How long have you been writing?
I started seriously pursuing fiction writing in high school, so about 25 years ago.
Can you tell us a little bit about the characters in The Heavy Side?
We have the narrator: Remi. She’s a Ph.D. in literature who’s escaped the Midwest to live as a ‘local’ in the Lake Tahoe mountain scene; she’s also an accomplished, secret thief. And we have Vik, the protagonist. Also an escapee—from the rat race of Silicon Valley. He’s come to Tahoe to write a killer app for a Mexican drug cartel. He’s Indian-American, entrepreneurial, brilliant, and way out of his depth with the cartel.
If you could spend the day with one of the characters from The Heavy Side, who would it be? Please tell us why you chose this particular character, where you would go and what you would do.
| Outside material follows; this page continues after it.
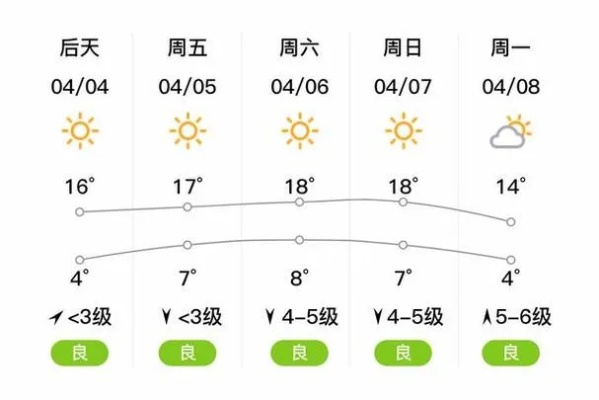 大石桥天气预报,四季更迭中的生活指南 大石桥天气预报,四季更迭中的生活指南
I think I’d let Remi take me mountain biking on some secret local single track in the Tahoe basin. We’d talk shop (fiction) and dish about our shared (and troubled) friend, Vik. It’d be purely platonic, though—not like her relationship with Vik!
About the Author
Ben Rogers is the author of the novels The Flamer and The Heavy Side. His work has been published in The Rumpus, PANK, McSweeney's Internet Tendency, The Portland Review, Arroyo Literary Review, The Nevada Review, and Wag's Revue, and has earned the Nevada Arts Council Fellowship and the Sierra Arts Foundation grant. He is also the lead author of Nanotechnology: Understanding Small Systems, the first-ever comprehensive textbook on nanotechnology, and Nanotechnology: The Whole Story, both of which earned the CHOICE Outstanding Academic Title Award from the American Library Association. He studied engineering and journalism in college and has worked as a business analyst, a newspaper reporter, a teacher, and a scientist at various labs, including Oak Ridge National Laboratory and NASA's Jet Propulsion Laboratory. He is currently the Director of Engineering at NevadaNano. He lives in Reno with his family.